(Source records)
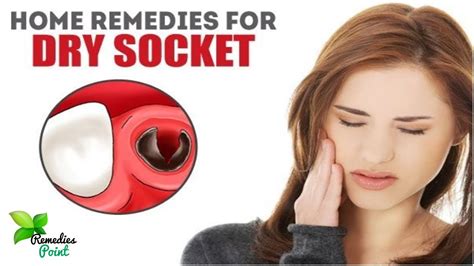 Home Remedies For Dry Socket Dry Socket Treatment Home Remedies To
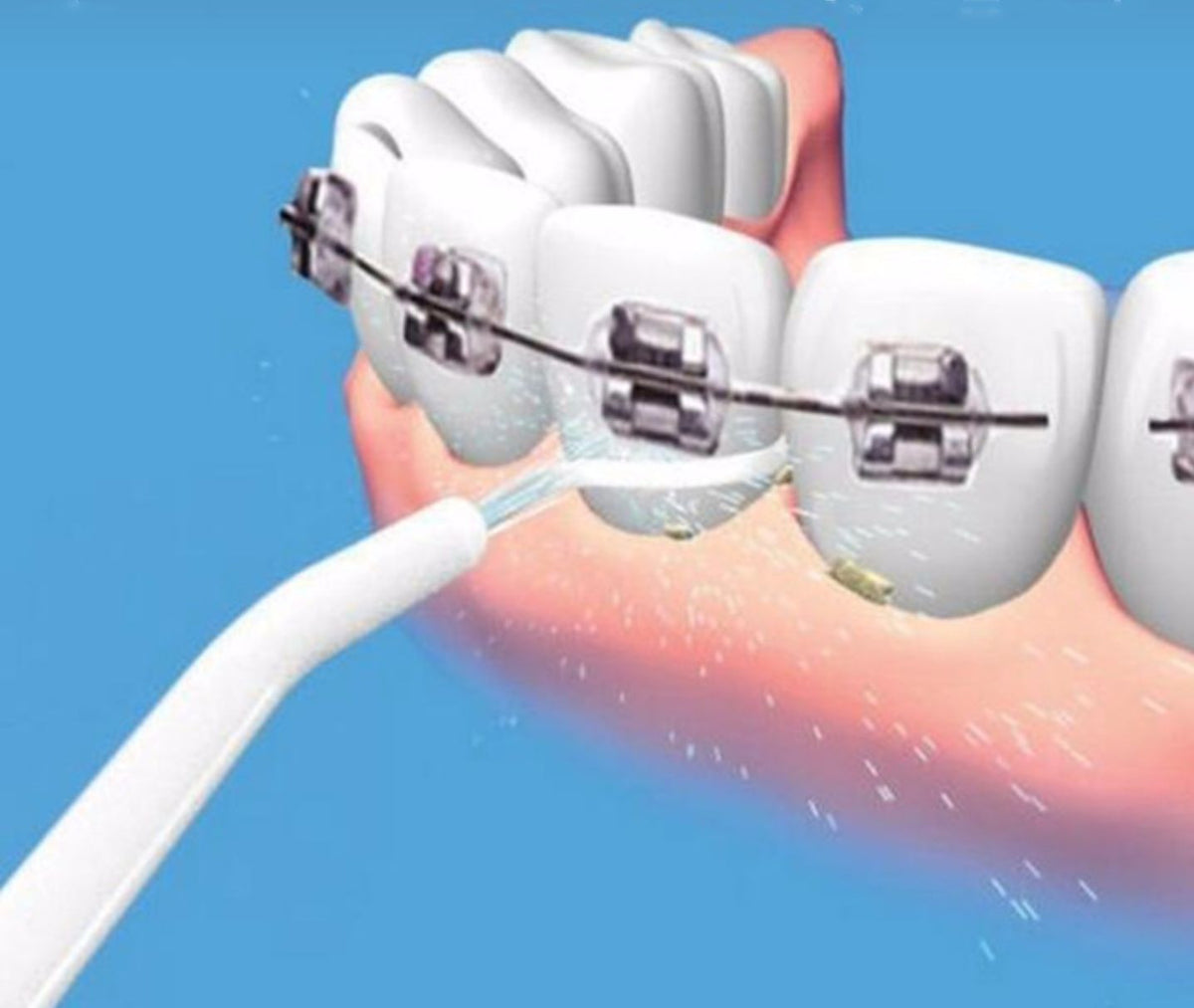 Portable Manual Water Flosser with Nasal Wash Tip for Oral and Nasal Care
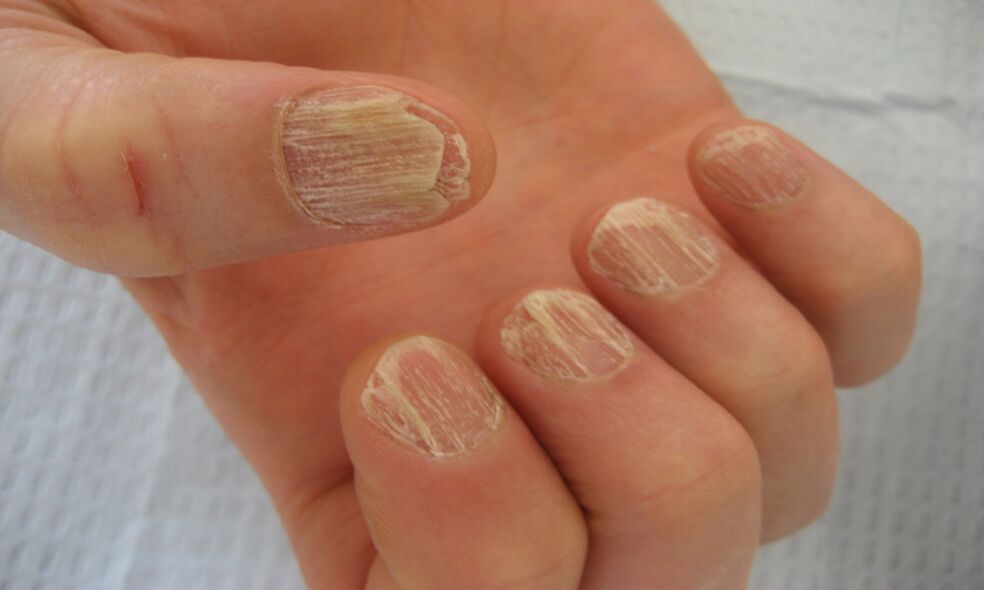 Advanced stages of nail curvature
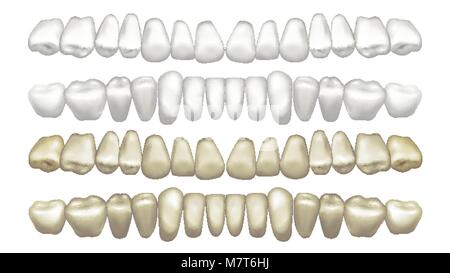 Vecteur de blanchiment des dents. Avant et après. Blanchiment des dents fines. Illustration isolé Illustration de Vecteur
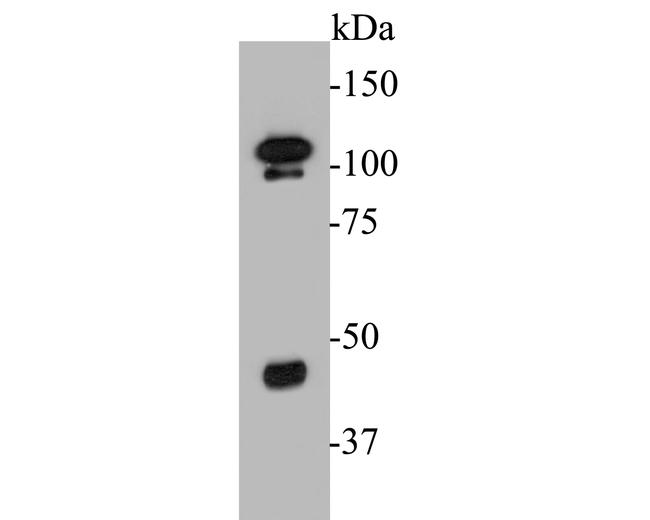 FOXP1 Antibody in Western Blot (WB)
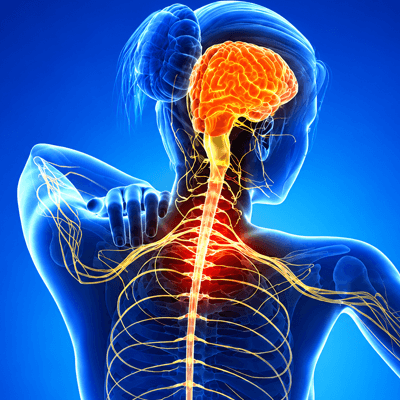 Multiple Sclerosis & Demyelinating Disorders
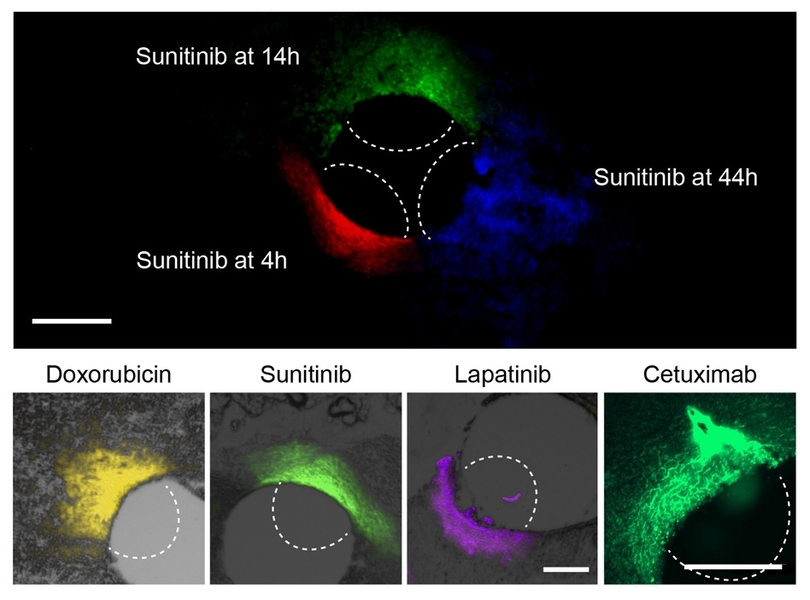At top, the researchers can use this device to measure how far a given drug spreads over time. At bottom, they used the device to measure the spread of four different cancer drugs.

PROBLEM TO SOLVE: Beginning at the line that holds "Vecteur de blanchiment" and ending with the last line of the entries, please set down each line exactly, leaving every picture out.

RESULT OF THIS EXERCISE:
 Vecteur de blanchiment des dents. Avant et après. Blanchiment des dents fines. Illustration isolé Illustration de Vecteur
 FOXP1 Antibody in Western Blot (WB)
 Multiple Sclerosis & Demyelinating Disorders
At top, the researchers can use this device to measure how far a given drug spreads over time. At bottom, they used the device to measure the spread of four different cancer drugs.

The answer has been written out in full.